An Overview of D-SUB Ribbon Cable
A lot of people rarely talk or hear about this type of cable. This is because when these cables were in use, most of society only referred them for the connection application they played a part in. Some saw them as monitor cables, others printer cables, mouse cables, joystick cables, and modem cables, just to name a few. However, the D-Sub ribbon cable has many applications within different devices, and this piece will cover just that.
The outer shell design can only be connected in one way, shaped in male or female with two or three rows of pins. Importantly, the strongest feature is that the male connector has screws on each side that thread into the female connector. This keeps them tightly meshed together to protect the pins from corroding by excluding moisture.
D-SUB ribbon cables come in various sizes, including a standard or high density.
In standard density – the cable connectors come in 9-pin, 15-pin, 25-pin, 37-pin, and 50-pin.
In high density – the same size of a standard 9-pin shell turns to 15-pin, a standard 15-pin turns to 26-pin, a standard 25-pin will become 44-pin, a standard 37-pin becomes 62-pin, and a standard 50-pin will turn into 78-pin.
Cables that feature a D-SUB connection
In general, there are several types of cables with these connectors that have been in use for many different applications.
The most common type in consumer electronics is probably the 15 Pin “VGA/XGA” cable (Analog Video interface). This is a blue-colored cable, usually wrapped in a D-shaped metal shield. But let’s look at the other types, specifically the D-SUB ribbon flat cable.

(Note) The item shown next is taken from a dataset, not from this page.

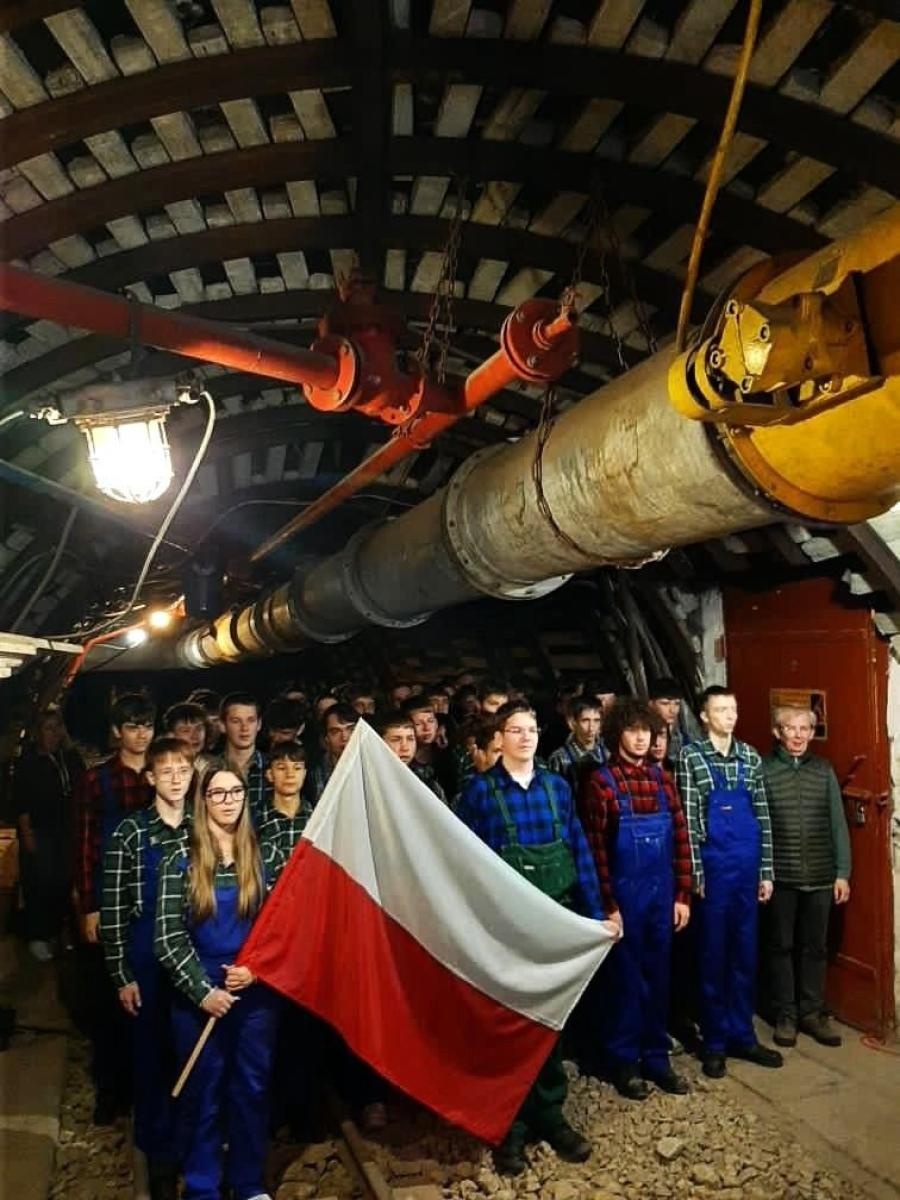 Zdjęcie w galerii na portalu naszwodzislaw.com: Placówki oświatowe powiatu włączyły się w akcję Szkoła do hymnu wiadomości z regionu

Ribbon cables are flat cables designed with many running conductors laid parallel (side by side). To exhibit a smooth and flat profile, the conductors are properly aligned to respective termination pins and properly seated.
D-SUB ribbon cable end termination
D-SUB flat ribbon cables are properly aligned to orient in the D-SUB connector. The D-SUB flat ribbon cable end does not protrude beyond the connector body edge or violate minimum electrical spacing requirements. This results in the alignment of termination exhibits to the connector fiducially (small notches/marks) and grooves.
The cable connects different parts of CNC machines and Press Brakes, among others. Its application also includes route control signals for material processing, electronic testing, and much more.
In many instances, the technology market is ever-changing, as newer digital interfaces are now replacing the old ones and making them fade away. Despite all that, there’re still many electrical devices using outdated technologies. Moreover, new devices are being produced to use D-SUB connectors. This makes the D-SUB ribbon cable an important assembly.